Along with candidates for political office, listed on the primary ballot will be a question asking voters to renew a 1 percent sales tax for education and approve a $45 million bond referendum.
Sales tax dollars can be used only for capital improvements, such as new construction, some remodeling efforts or purchasing items such as school buses and computers.
School officials are projecting to raise as much as $148.6 million through the penny tax.
Rather than create new schools as previous sales tax packages have done, the one proposed for 2012-17 will upgrade and rebuild existing schools.
The plan calls for building larger versions of Columbia Middle, Evans Elementary, Martinez Elementary and the system's alternative school in Grovetown to meet the demands of the growing school system.
Much of the money from the bond referendum, which would be repaid with sales tax proceeds, would be used to pay for construction of a new Columbia Middle School.
The school would be relocated between Hereford Farm and Belair roads on Columbia Road, and its capacity would be increased from 38 classrooms to 51. The $20 million school could hold as many as 1,100 pupils and relieve overcrowding at Evans Middle.
Once the new school opens in 2012, the former site would be used to expand the system's Nutrition and Transportation departments. Its gym would be used as a warehouse.
Once Evans and Martinez elementary schools open sometime between 2012 and 2014, Bel Air Elementary would be shut down. Those pupils would be split between the larger Evans and Martinez schools.
The Bel Air property, which is on a growing commercial corridor on North Belair Road, would be sold.
The new schools would cost up to $12.5 million to build.
Also included in the first building phase of the sales tax proposal is a new alternative school at its site in Grovetown.
The $2.5 million project would allow for 24 classrooms, many of which also would be used for vocational studies with students attending from all area high schools. That location would give vocational students easy access to an Augusta Technical College campus on Horizon South Parkway.
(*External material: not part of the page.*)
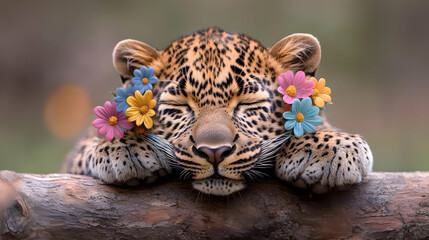 Obraz premium Sleeping leopard cub with flowers, resting on log, blurred background, ideal for children's book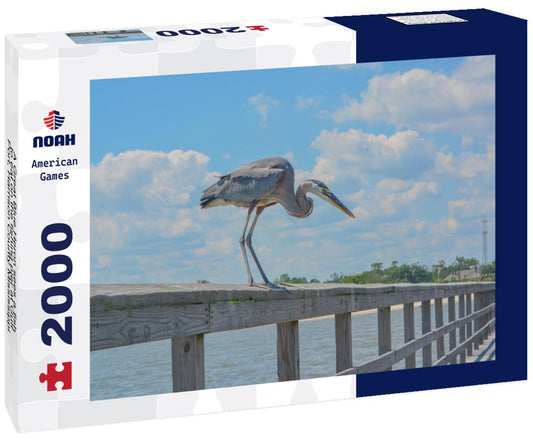 Noah Jigsaw Puzzle A Great Blue Heron sees a fish to eat on the fishing pier at Gulf Port, Harrison County Mississippi, Gulf of Mexico USA 2000 pieces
The second construction phase of the project would include rebuilding North Columbia and North Harlem elementary schools at about $10.5 million each.
Phase three calls for the construction of a new Harlem Middle at $20 million and South Columbia Elementary at $10.5 million.
Projects also likely to be included in the sales tax referendum are buying buses, upgrading auditoriums, upgrading athletic facilities, roofing projects and paying off about $37 million in debt.